Indie-Games: Wie die Kreativköpfe der Branche ums Überleben kämpfen

Für Spieleentwickler ist die Anfangszeit hart. Chad ­Moldenhauer, Art Director beim Indie-Erfolgshit „Cuphead“, ­einem von Disney-­Filmen beeinflussten ­Cartoon-Shoot-’em-up-Spiel, sagte gegenüber der US-Spiele-Website Gamesradar: „Man weiß nicht, wie viel die Dinge wirklich kosten werden. Man weiß nicht, wie lange es dauert, bis alles fertig ist. Man weiß nicht, wie Kunst, Programmierung und Design miteinander verknüpft sind, und inwiefern Zeit- und Geldbeschränkungen beim einen zu Kompro­missen beim anderen führen.“ Erst wenn man realisiere, dass alle Pläne in Bezug auf Umfang und Zeitrahmen falsch ­waren, ­würde man realistisch einschätzen, was möglich sei. Und bis ­dahin müssten die Entwickler an ihrem Projekt festhalten, ohne unterzugehen. Cuphead profitierte finanziell davon, dass Microsoft das Spiel exklusiv für die Konsole Xbox und für Windows haben wollte.

Aber Indie-Spiele entstehen meist nur aus dieser Kombination: Fördermittel, Kickstarter, und – am häufigsten – eigene ­Ersparnisse. Der US-Entwickler Danny Weinbaum schuf aus ­eigener Tasche „Eastshade“. Bei diesem Spiel ist man ein Künstler in einer Fantasy-Welt. Man muss Rätsel lösen, doch Kern des Spiels ist die virtuelle Leinwand: Man flaniert über die Insel, sucht schöne Motive und lässt sie von der Figur abmalen. Das Werk kann man dann herunterladen und online teilen.

Danny wusste schon als Teenager, dass er eigene Spiele ent­wickeln wollte. Er begann, rigoros zu sparen, nahm später ­einen Job bei einer AAA-Firma an. Als er genug Geld hatte, um zwei ­Jahre Vollzeit an Eastshade arbeiten zu können, kündigte er. Er sagt: „Ich plante, mir nach zwei Jahren wieder einen Job zu ­suchen, falls ich nicht fertig werden würde.“ Er wurde nicht ­fertig, aber machte weiter. Als er nach fünf Jahren immer noch nicht fertig war, zog er mit seiner Lebensgefährtin zu seiner Großmutter, um die Miete zu sparen.

Das Spiel „Gardenarium“, in dem der Spieler eine schrille, surreale Welt erkundet. Entwicklerin Paloma Dawkins nahm mit dem Titel ­lediglich 2.000 US-Dollar ein. (Screenshot: KO_OP mode / Gardenarium)

Das alles war es ihm wert. „Als Indie-Entwickler darf ich ­alles machen“, erzählt er. „Es stimmt schon, dass wir ­Kompromisse eingehen müssen, weil wir nicht das Budget haben, um bestimmte Dinge zu tun, aber auch das macht mir Spaß.“ Er ­genieße es, heraus­zufinden, was Spielern wichtig sei, und selbst die ­Prioritäten zu setzen. „Es gibt nichts auf der Welt, was ich lieber tun würde als genau das, was ich gerade tue.
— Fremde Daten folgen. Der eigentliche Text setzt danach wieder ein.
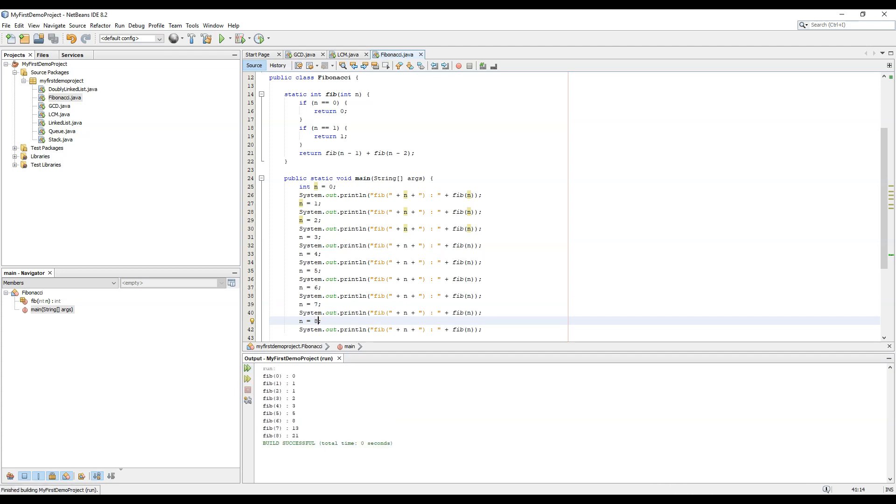So 0 plus 1 equals 1, 1 plus 1 equals 2, 1 plus 2 equals 3, 2 plus 3 equals 5, 3 plus 5 equals 8, 5 plus 8 equals 13, 8 plus 13 equals 21. So the Fibonacci series is correct.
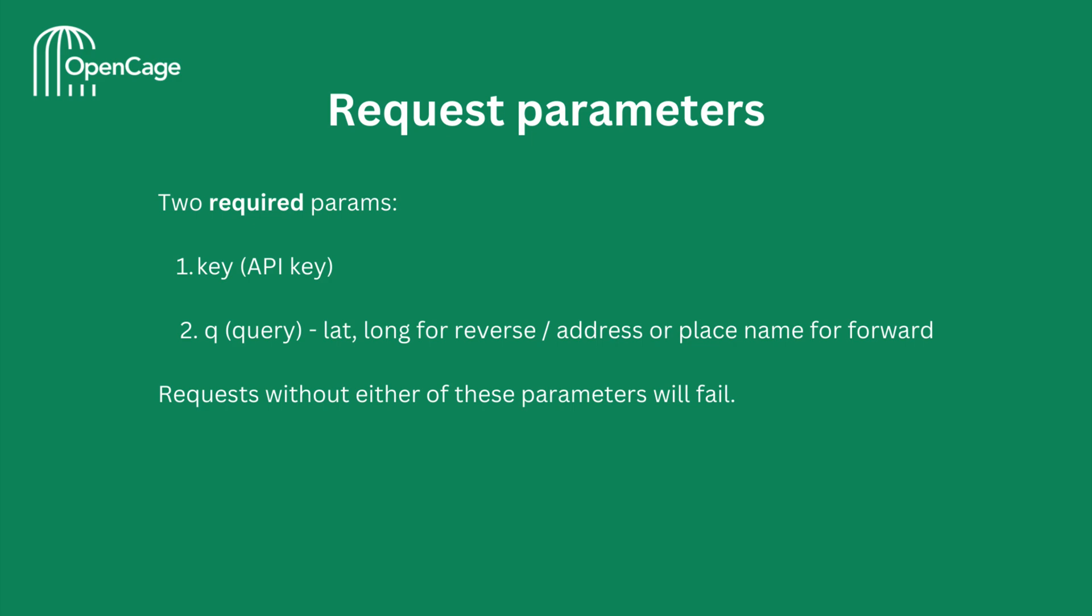There are two required parameters when making any requests to the OpenCage API. The first one is your API key, denoted by the keyword key, and the other is a query string, denoted by Q. For reverse geocoding, Q will be the coordinates, the latitude and longitude. And for forward geocoding, Q will be the address or place name.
Alles was ich ­wünsche, ist, dass jedes Spiel genug für das Nächste einbringt.“

Die Konkurrenz ist hart, Wahrnehmung alles

Als eine Reihe von Indie-Entwicklern für einen Artikel auf dem ­Portal The Verge im Oktober 2019 ihre Einkünfte offenlegte, war die Ernüchterung groß. Kara Stone, Schöpferin von „Ritual of the Moon“, ein meditatives Spiel, bei dem man in die Rolle einer auf den Mond verbannten, einsamen Hexe schlüpft, lebt von einem Lehrauftrag an der Universität. Paloma Dawkins schuf das Game „Gardenarium“, in dem man eine schrille bunte, surreale Welt erkunden muss. Sie hat mit ihrem Spiel etwa 2.000 ­US-Dollar eingenommen. Weitere ­Einkünfte generiert sie, weil sie ihr Spiel in Museen und Galerien vorstellen darf. Sie lebt in einem ­Zimmer, das 200 Dollar Miete kostet. Jason Roberts hat das preis­gekrönte handgezeichnete Puzzle-Spiel „Gorogoa“ entwickelt und lieh sich dafür Geld von Freunden. Den großen Erfolg des Spiels hat er genutzt, um seine investierten Ersparnisse wieder zurück­zugewinnen. Er sagt, er wache hin und wieder nachts auf und habe Panikzustände.